Às vezes me impressiono como há pessoas capazes de falar de forma interessante sobre coisas absolutamente banais, como o pudim de leite que comeu em alguma padaria às três da manhã, que estava mais brilhante que uma manhã de verão em alguma ilha grega, mais gostoso que a Salma Hayek, coisas assim, só que bem descritas. Eu me sinto incapaz disso e, portanto, vivo em busca de grandes histórias inéditas que jamais encontro - porque as grandes histórias não exigem um estilo grandioso, apenas uma forma relativamente bem elaborada e apropriada para o conteúdo.

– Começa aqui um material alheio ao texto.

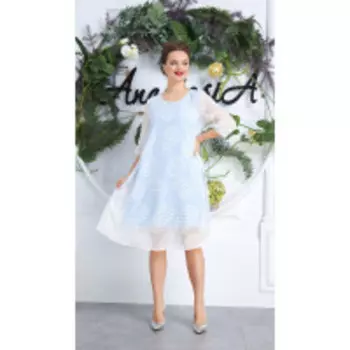 Платье Anastasia-588/1 В цвете: Белый, Голубой; Размеры: 56,60,50,52,54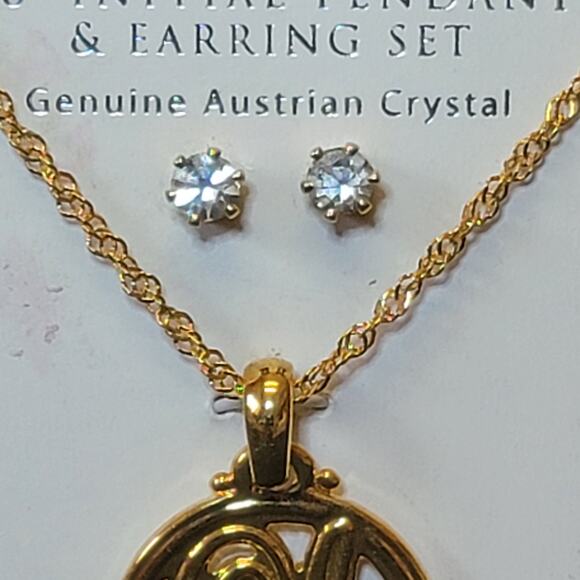 L Initial Earrings Necklace Pendant Set Genuine Austrian Crystal Gold Jewelry - Picture 3 of 5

Mas o que me impressiona ainda mais é que muitas pessoas não notem ser incapazes de transformar histórias medíocres em grande atração, e o Brasil está acostumado a não notar essa incapacidade naqueles que tentam fazê-lo. Olga, por exemplo, poderia ser um bom filme. Mesmo. A história não é das piores, mas foi contada, talvez, da pior forma possível.
Defendo aqui Olga Benário, não pelas suas idéias nem pelo que pensava do mundo, mas pela qualidade de sua história - teve uma filha enquanto estava presa, foi levada aos campos de concentração, torturada e tal. E transformaram a história dela em um espetáculo cômico. Chego a gostar do filme por ser tão patético, como há pessoas que se afeiçoam a animaizinhos por serem frágeis.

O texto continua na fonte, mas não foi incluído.